I work at home and tend to drink coffee all day long. That means that coffee has a pretty healthy share of my food budget. I had pretty much resigned myself to buying one can of GOOD coffee a week for the first morning pot, and then switching over to supermarket brands for the rest of the day – when I made the most marvelous discovery.

It happened when I visited my mother at Christmas. Now, Mom likes coffee all right, but she’s not a fanatic about it. Maxwell House and Folgers suit her fine, and while she appreciates it when I buy her special coffee blends as gifts, she’ll always tell me not to waste my money. Usually, after dinner coffee at Mom’s is ‘acceptable’ rather than outstanding.

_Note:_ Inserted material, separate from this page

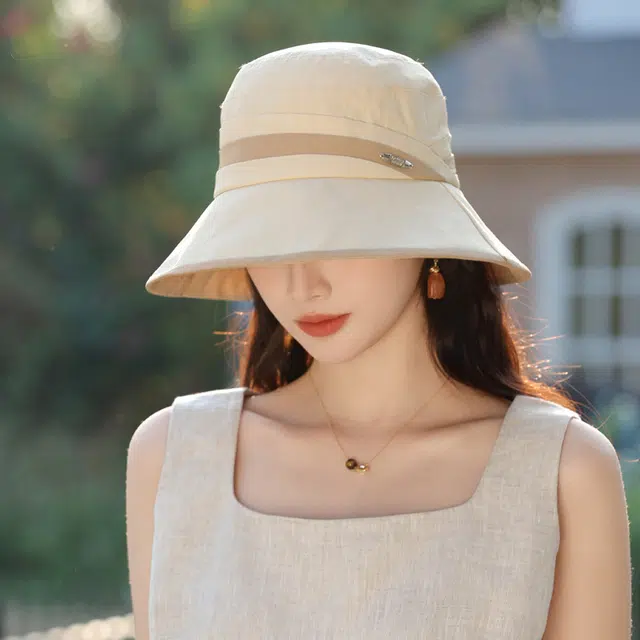 杨同学 韩版拼色时尚百搭金属小标优雅高级感遮阳防晒 涤纶 渔夫帽 女款 米色/卡其/咖啡/黑色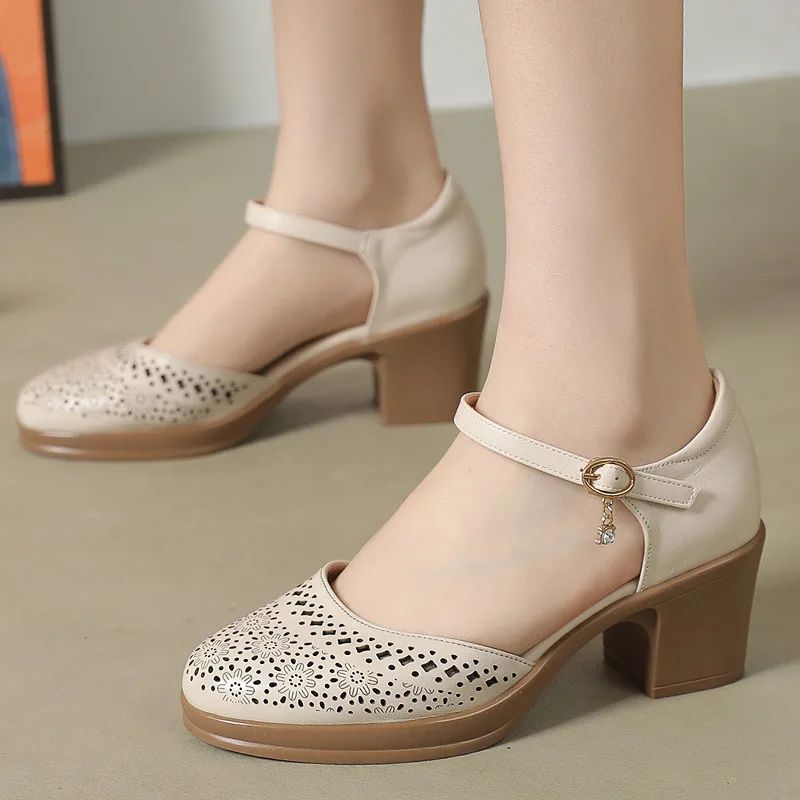 Celina Naisten Ontot Kesäsandaalit - Beige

In fact, I almost always arrive with my own cup rather than drink hers. But that night – oh, my! I could tell there was something different even while it was brewing – and the sipping just confirmed my suspicion that Mom had gone out and bought the good stuff.

“This is -great- coffee, mom!” I exclaimed. “What is it?”
“Gourmet coffee,” she told me.

Well, yes, that much was obvious. But.. what -kind- of gourmet coffee? She just stood fast, insisting that it was just ‘gourmet coffee’ – and when she pulled out the bag from the cupboard, that is indeed exactly what the label said. “Gourmet Coffee” – a full two pound bag of it rather than the measly 12 ounce “pound” that you usually get in supermarkets these days. She had paid – are you ready for this? – $4.99 for it at the local Building 19, a New England warehouse surplus store.

“They don’t always have it,” she said. “But when they do, I always buy it. It’s good coffee, right?”

It was such good coffee – comparable to some of the blends I’d been buying from a local coffee shop – that I took the rest of the bag home with me. And I started keeping my eye out for special bargains.

Unfortunately, most of them are ‘grab ’em while they’re here’ deals at stores like Ocean State Job Lot and Building 19, the freight surplus stores. There is one standout exception – Target has begun branding their own gourmet coffees, including Single Origin and Peaberry coffees in designer tins. The price is spectacular, and the flavor among the best I’ve had.